→ EXERCISE GOAL
Your answer must be an exact copy of the lines from the one containing "7-Piece Bathroom Set" through the last line of the records below, with no pictures; please include nothing else.

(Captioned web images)
Content starts
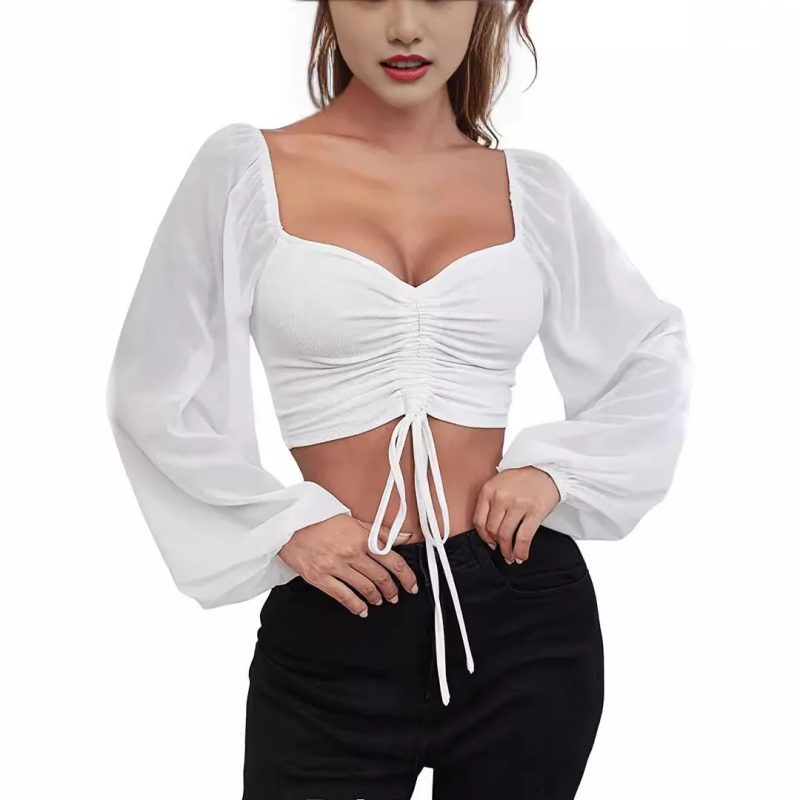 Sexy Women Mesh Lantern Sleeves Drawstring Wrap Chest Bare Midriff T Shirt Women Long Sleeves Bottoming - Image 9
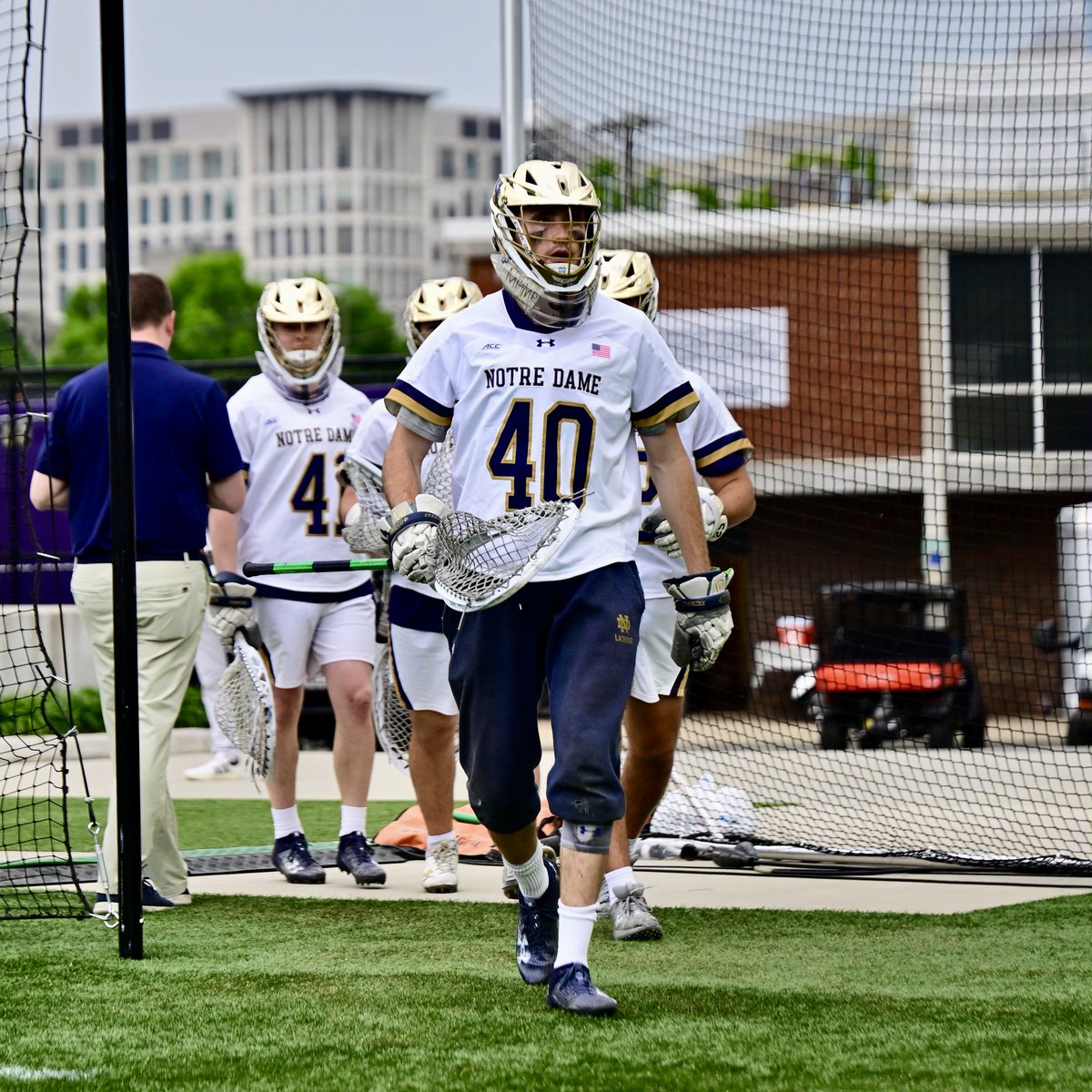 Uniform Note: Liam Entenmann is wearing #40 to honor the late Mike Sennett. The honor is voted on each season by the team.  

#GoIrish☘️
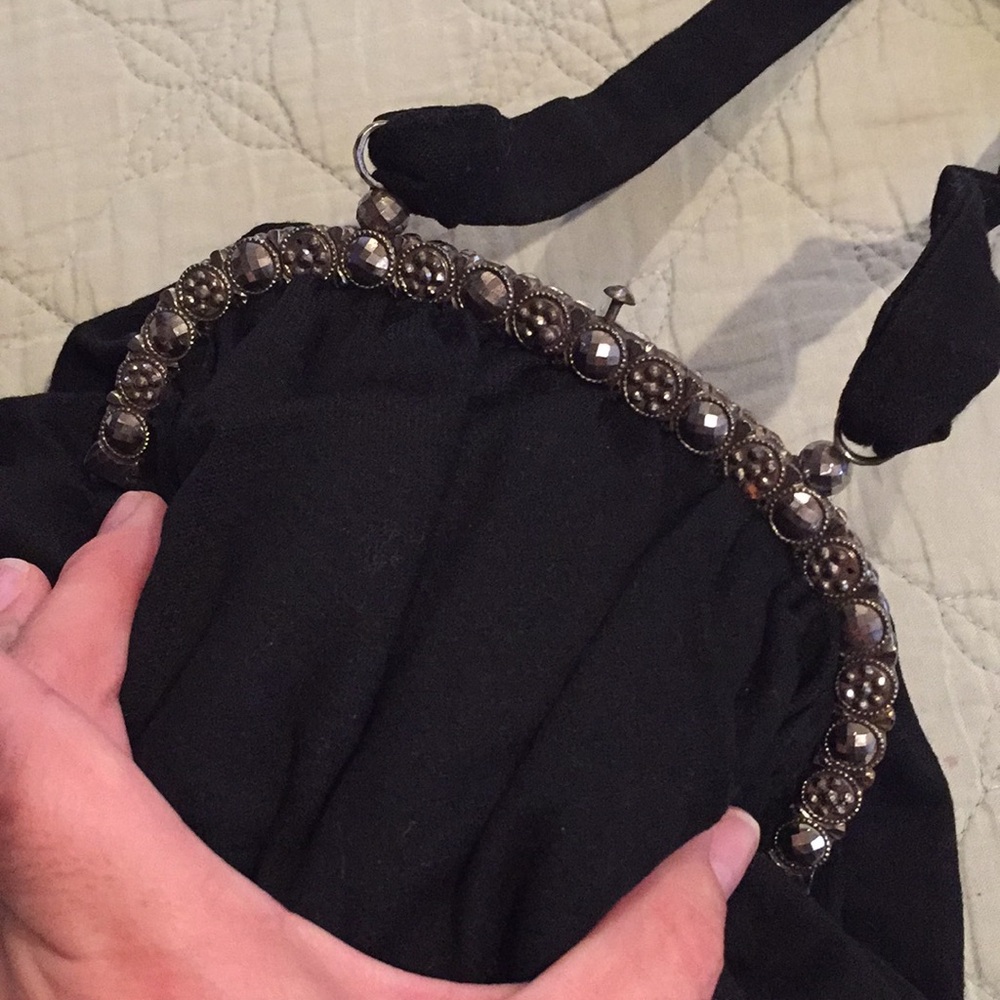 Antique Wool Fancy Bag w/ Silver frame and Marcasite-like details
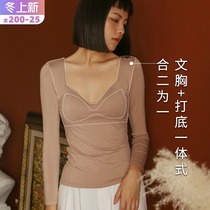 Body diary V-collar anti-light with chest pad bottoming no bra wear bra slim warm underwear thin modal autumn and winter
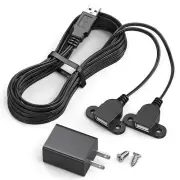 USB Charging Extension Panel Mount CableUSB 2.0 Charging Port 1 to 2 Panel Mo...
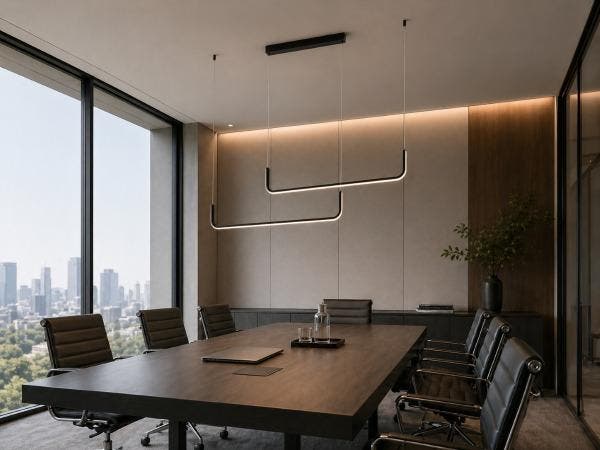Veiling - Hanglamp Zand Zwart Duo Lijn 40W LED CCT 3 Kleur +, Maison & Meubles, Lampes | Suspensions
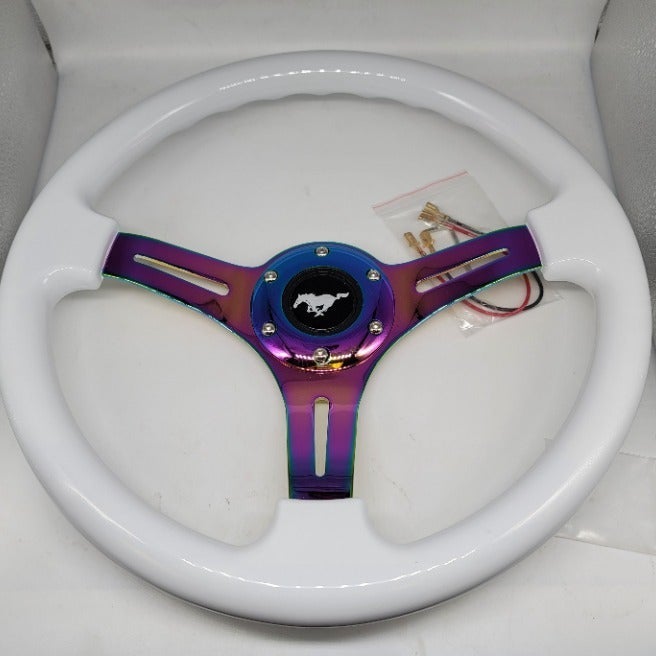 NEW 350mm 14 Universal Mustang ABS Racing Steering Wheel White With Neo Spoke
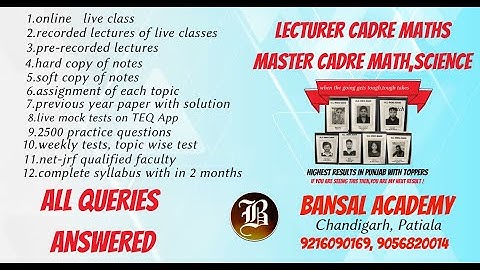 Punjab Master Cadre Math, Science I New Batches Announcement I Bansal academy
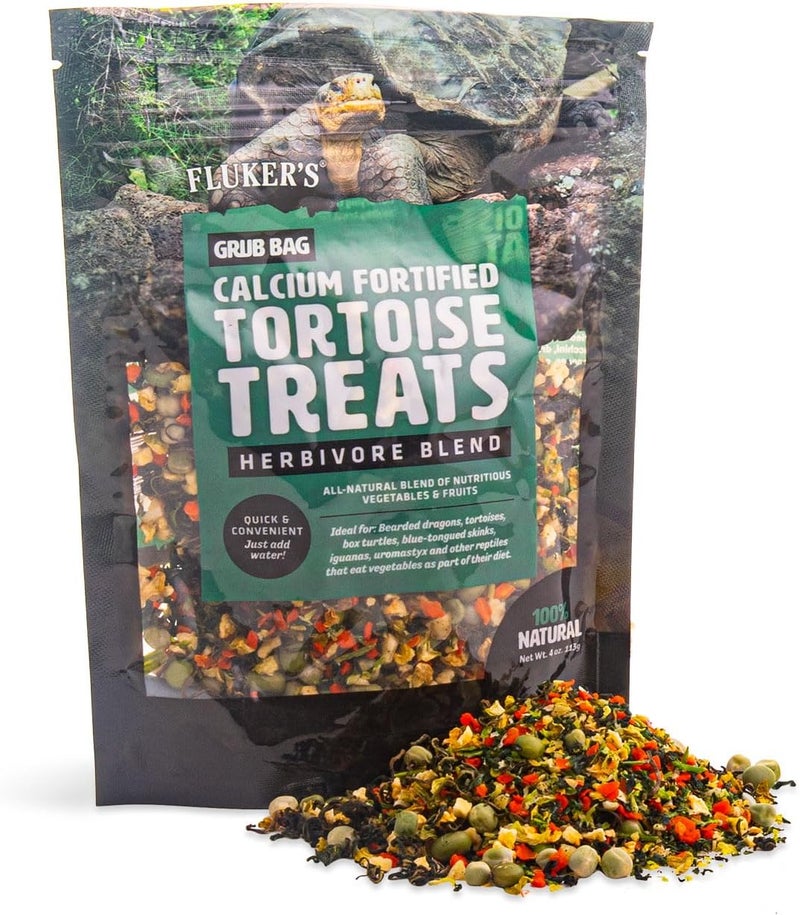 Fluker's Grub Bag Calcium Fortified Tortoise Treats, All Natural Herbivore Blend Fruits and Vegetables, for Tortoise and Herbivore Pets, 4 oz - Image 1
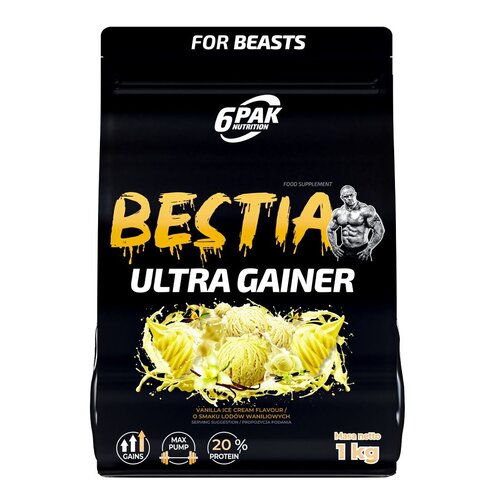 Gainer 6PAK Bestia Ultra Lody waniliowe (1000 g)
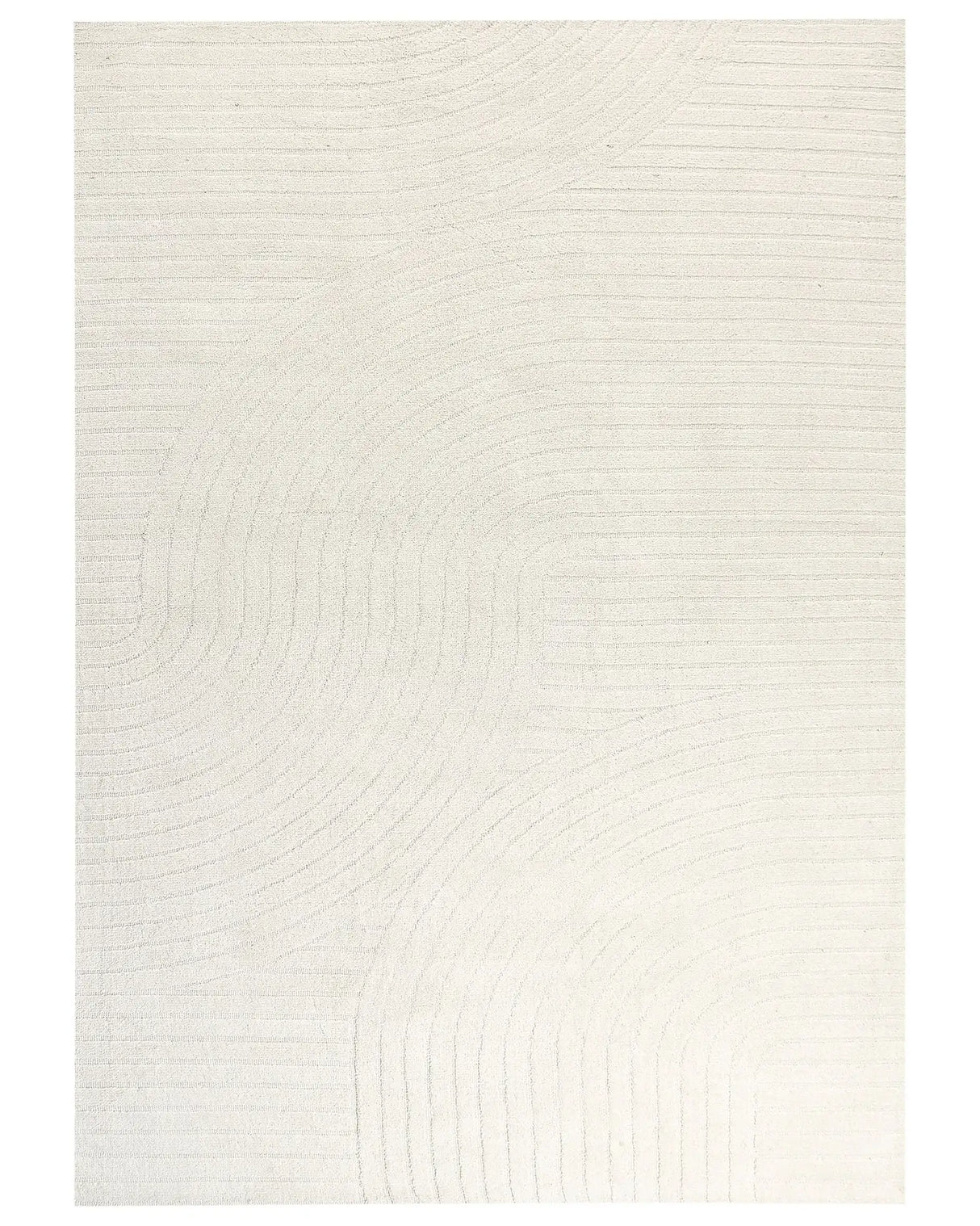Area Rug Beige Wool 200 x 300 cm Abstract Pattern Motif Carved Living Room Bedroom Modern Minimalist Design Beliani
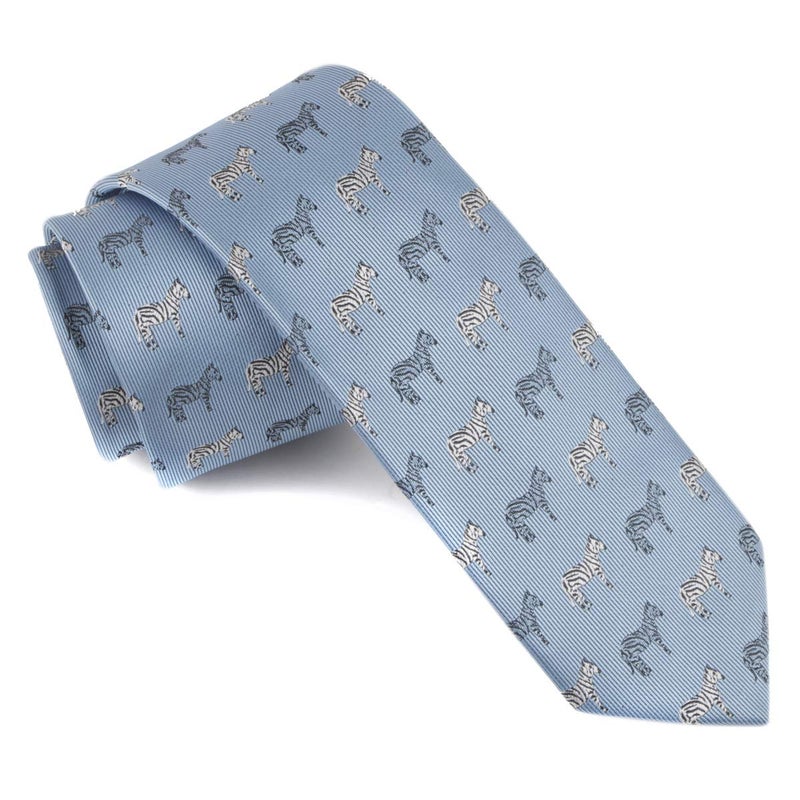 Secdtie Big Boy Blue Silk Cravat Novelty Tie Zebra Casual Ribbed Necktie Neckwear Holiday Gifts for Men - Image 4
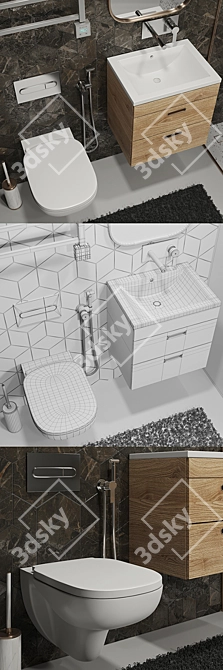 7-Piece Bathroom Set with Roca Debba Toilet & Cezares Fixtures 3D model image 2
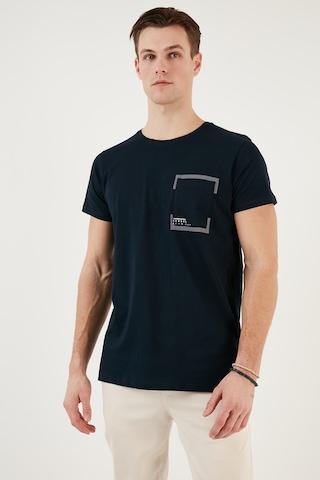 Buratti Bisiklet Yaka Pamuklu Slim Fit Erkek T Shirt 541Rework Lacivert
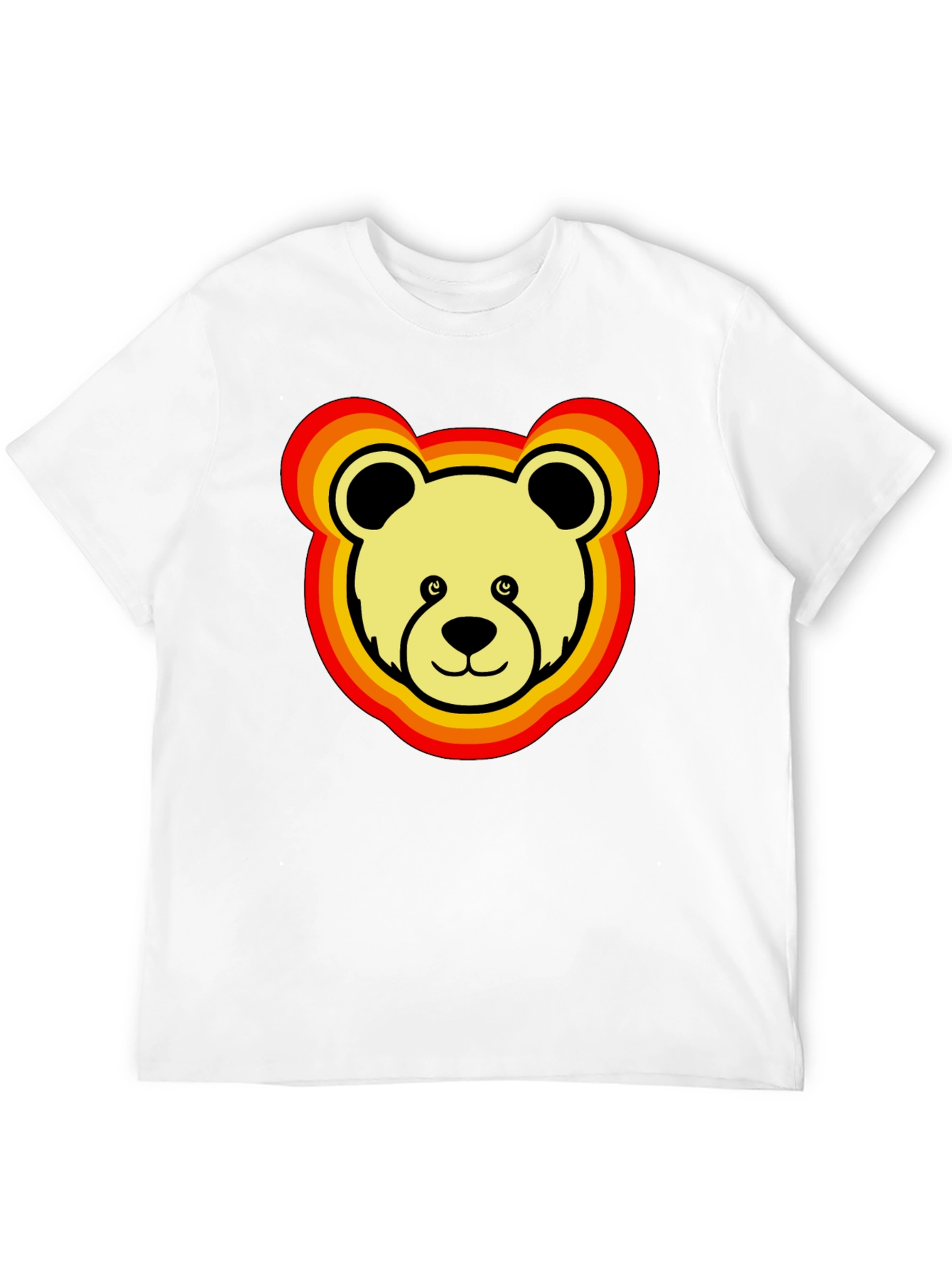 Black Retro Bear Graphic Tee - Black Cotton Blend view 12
Content ends
→ RESPONSE FOR THIS EXERCISE
 7-Piece Bathroom Set with Roca Debba Toilet & Cezares Fixtures 3D model image 2
 Buratti Bisiklet Yaka Pamuklu Slim Fit Erkek T Shirt 541Rework Lacivert
 Black Retro Bear Graphic Tee - Black Cotton Blend view 12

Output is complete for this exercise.